Умер Алексей Герман. Не Алексей Герман-старший, а просто – Алексей Герман, кинорежиссер Алексей Герман. Другого Алексея Германа, извините, просто нет.
Событие, увы, не слишком неожиданное – уже много лет Алексей Юрьевич и внешне и произносимыми словами производил впечатление человека, чей биологический ресурс на исходе. Даже предположив, что это – в чем-то артистическая поза, стоило относиться к ней с уважением, принимая на веру. Уж слишком значительная артистическая фигура позволяла себе эту позу принять.
Увы, оказалось – это была не вполне поза. Притом, что возраст режиссера – 74 года – вовсе не выглядел по нынешним временам запредельным и для жизни и, главное, для творчества...
Ну, на все воля Божья.
Нам же остается – инвентаризация.
Того, что мы потеряли, и того, что у нас осталось.
Вроде бы – здесь все просто: за четыре с лишним десятилетия творчества в кинематографе Герман как режиссер-постановщик создал четыре фильма: "Проверка на дорогах", "Двадцать дней без войны", "Мой друг Иван Лапшин", "Хрусталев, машину!". Пятый, снятый по мотивам "Трудно быть богом" Стругацких, кажется, успел-таки закончить в последние месяцы – или почти успел. Если не считать нескольких сценариев да совсем уж непринципиальных актерских работ, то все.
Очень немного.
Немного?
Немного: сам Герман не раз в интервью жаловался на киночиновников, "сломавших" ему творческую жизнь. Он вообще не прочь был – жаловаться. И ругаться, публично называя мерзавцев – мерзавцами (малодоступная в России роскошь). Действительно, судьба его работ была непростой – так, "Проверка на дорогах" пролежала "на полке" полтора десятилетия, а несколько замыслов, говорят, было задушено внешними обстоятельствами уже на этапе написания режиссерского сценария.
Но я не об этом.
Сейчас не это важно.
Право, Чаплин тоже снял не так много в полном метре.
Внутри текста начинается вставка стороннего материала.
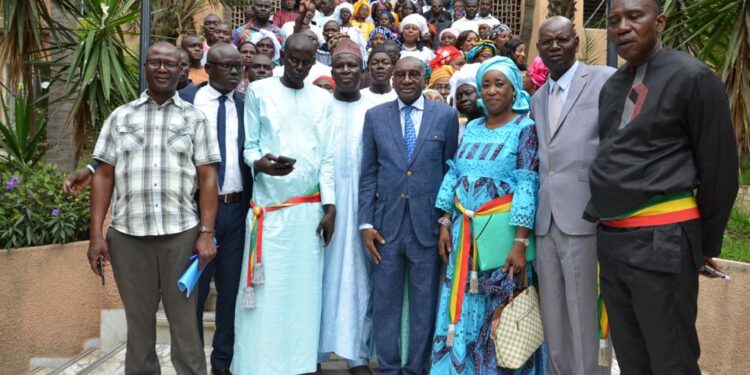 Tamba/Kédougou : Des adjoints aux Maires lancent un cadre politique autour de Sidiki Kaba (Communiqué)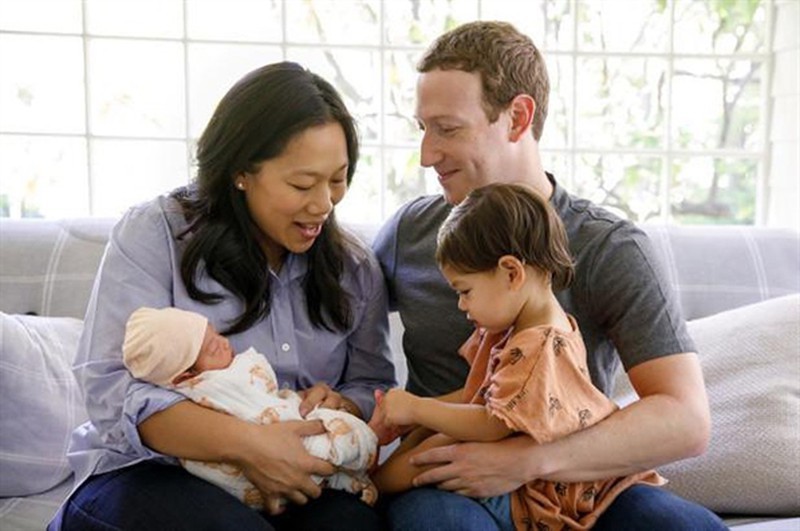 Gia đình hạnh phúc với hai cô con gái của vợ chồng tỷ phú Mark Zuckerberg.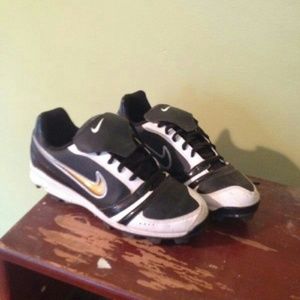 Nike softball cleats
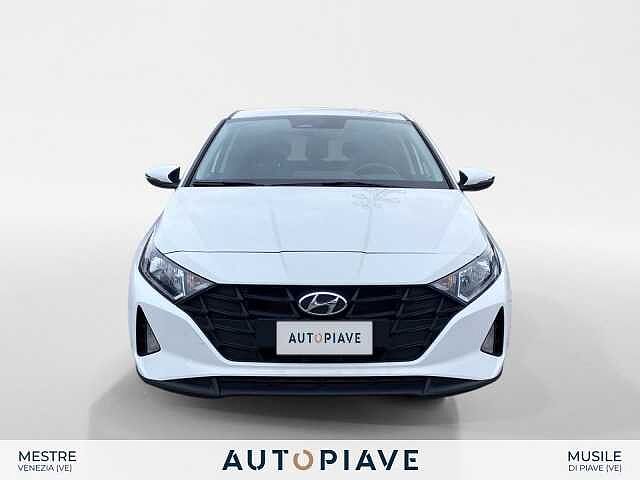 Hyundai i20 1.2 MPI MT Connectline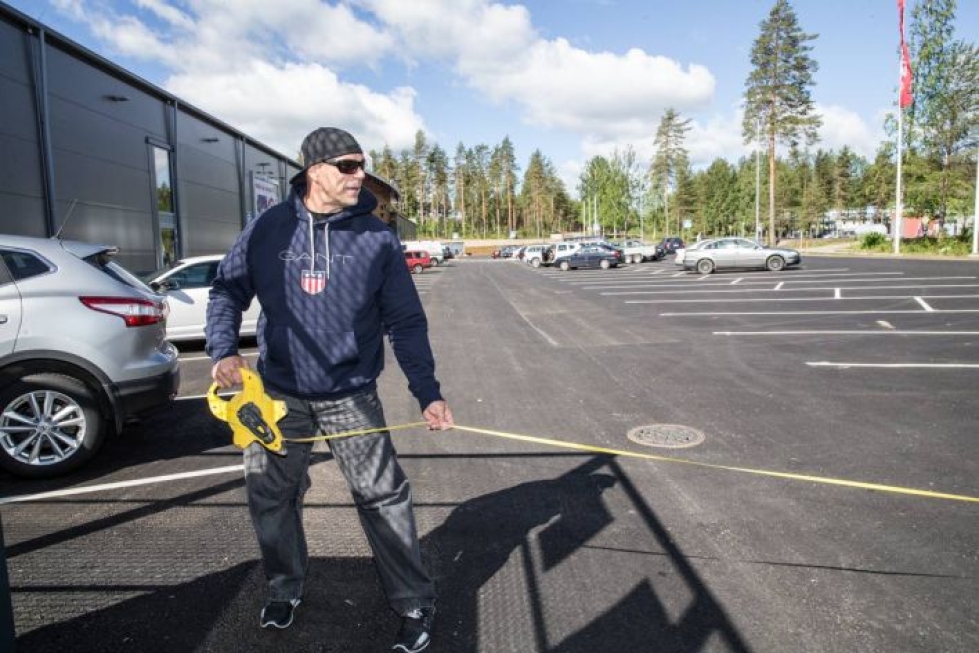 Ilkka Kinnunen mittaili uutta kisa-aluetta Liperin liikekeskuksen pihamaalla.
Кстати, как и Чаплин, Герман и сам делал свое дело крайне не спеша – помнится, весной 2001 года, в направлявшемся в Прагу самолете я встретил знакомых участников съемочной группы "Трудно быть богом", летящих на натурные съемки в один из словацких замков. Меня тогда еще этот факт весьма удивил – я-то считал, что съемки давно завершены, идет монтаж и озвучка: фильм-то был запущен в производство еще в 1999! Пять лет спустя, оказавшись по какой-то надобности на Ленфильме, я слегка заплутал в коридорах студии – и вдруг оказался в помещении, по периметру которого сидело десятка четыре рыцарей в латах и читало текущую прессу. Павильонные съемки фильма Германа были в самом разгаре...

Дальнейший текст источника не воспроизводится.